Correcting for error in reduced-order modeling using experimental partial observations and Bayesian system ID
Date:
Minisymposium presentation at SIAM Conference on Uncertainty Quantification (UQ24). The slides can be found here.
In the traditional reduced-order modeling setting, full-field data collected from simulation of a full-order model (FOM) are used to estimate a low-dimensional approximation of the FOM. In practice, however, FOMs are almost always inaccurate, uncertain, or partially unknown, which limits the level of accuracy that can be achieved by a reduced-order model (ROM). Data-driven estimation techniques can improve the FOM accuracy but are challenging for two main reasons. The first is that estimation is computationally burdensome since it usually involves many forward evaluations of an expensive FOM. The second is that the system of interest can often only be measured through noisy partial observations that introduce high uncertainty into the estimation problem. In this work, we propose a method for learning reduced-order closure models that is capable of addressing both of these challenges.

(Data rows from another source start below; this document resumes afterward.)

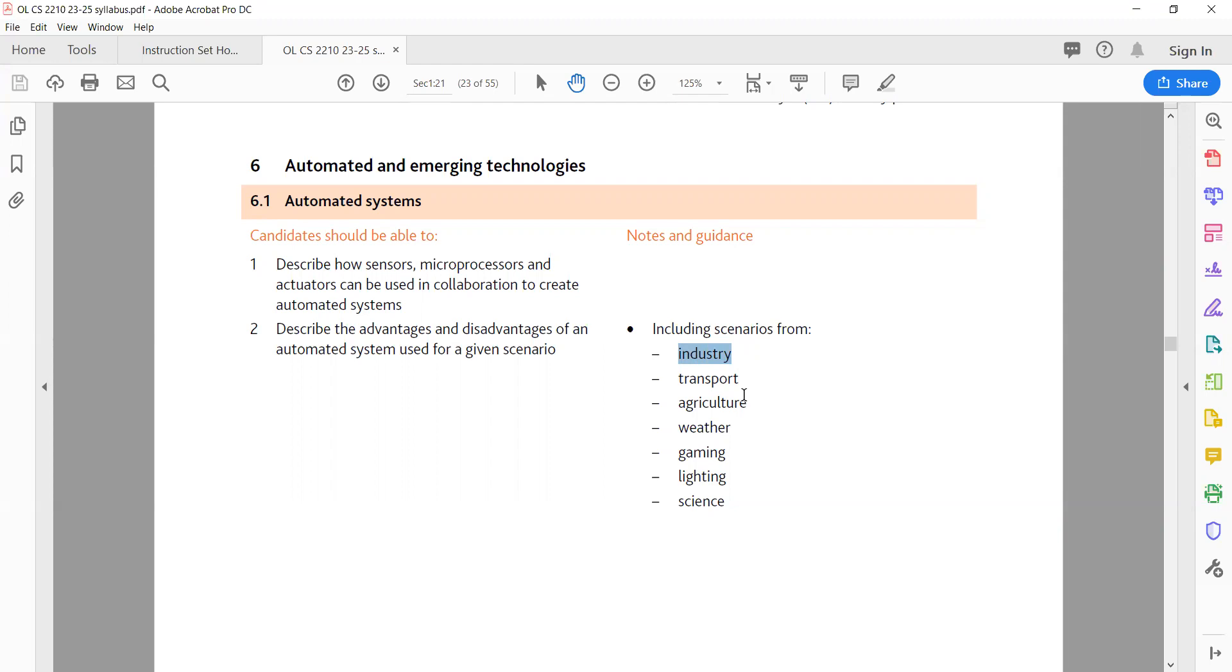B. Transport advantages: improved safety, reduced traffic congestion, increased fuel efficiency. Disadvantages: high implementation costs, privacy concerns, potential job loss.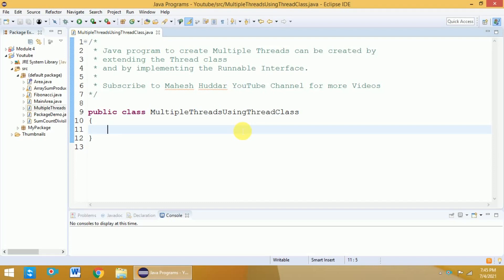Welcome back to Java tutorial. In Java, we have two methods to create multiple threads: either by extending the Thread class or by implementing the Runnable interface. In this video, I will discuss how to create multiple threads in Java by extending the Thread class.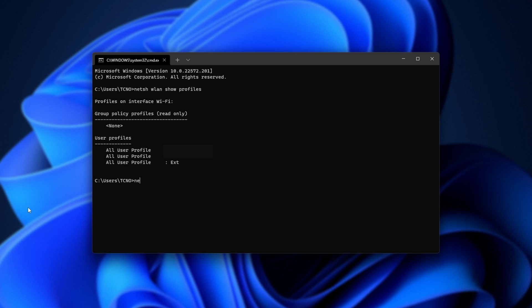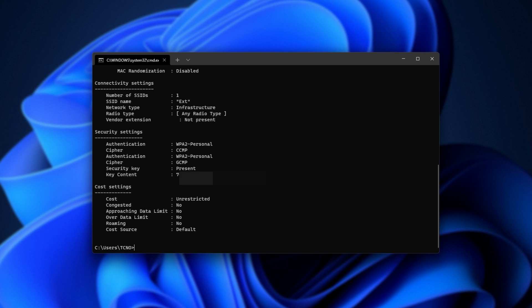We can type in netsh wlan show profiles name equals and in quotation marks, the name that we see on the right hand side here. I'll be using EXT. Then after closing quotes, type key equals clear to make sure it's not starred out and then hit Enter.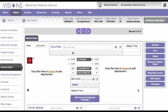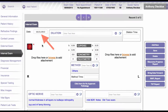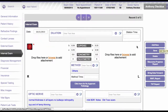Going top to bottom, every time the patient has a fundus examination we will need to put a date in here. When you add a new record it will automatically put in today's date.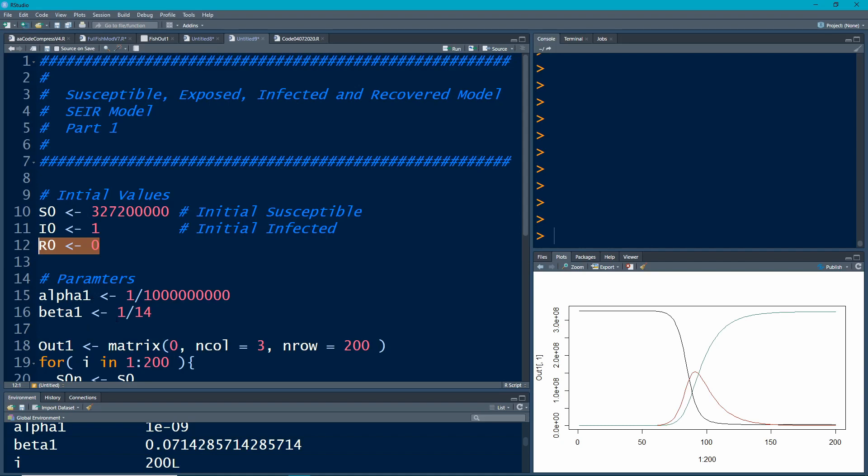Beta is the proportion of people who go from being infected to recovered. Once they're recovered they can't keep infecting other people.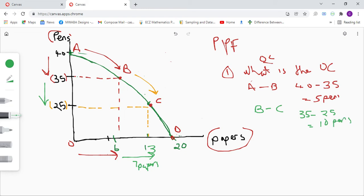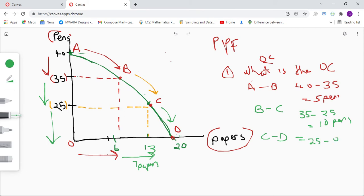Moving from point C to D: at point D we're only producing papers and no more pens. So from 25 to zero, that's 25 minus zero, which gives us 25 pens given up. We have given up 25 pens to produce 8 more papers.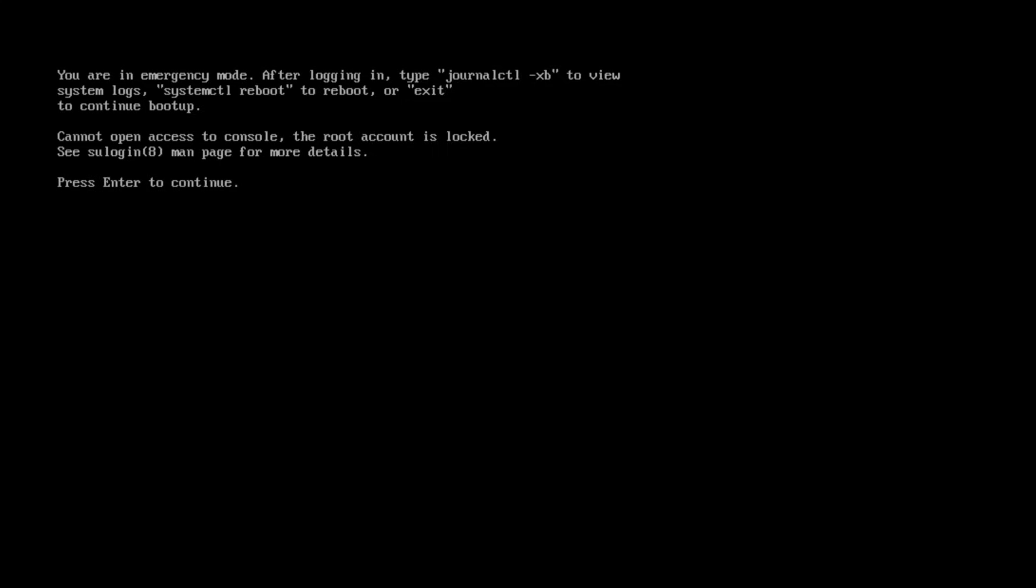The fstab file stands for file system table, which holds all your drives that you have configured to be available at boot time.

Firstly, evaluation of the FOM is avoided by performing estimation in the reduced-dimensional space such that only forward evaluations of the ROM are needed. Secondly, we use a Bayesian learning framework that addresses the model uncertainty of the ROM and the measurement uncertainty of the noisy partial observations to deliver robust estimation under uncertainty. The merits of this method will be demonstrated on numerical examples of systems of partial differential equations.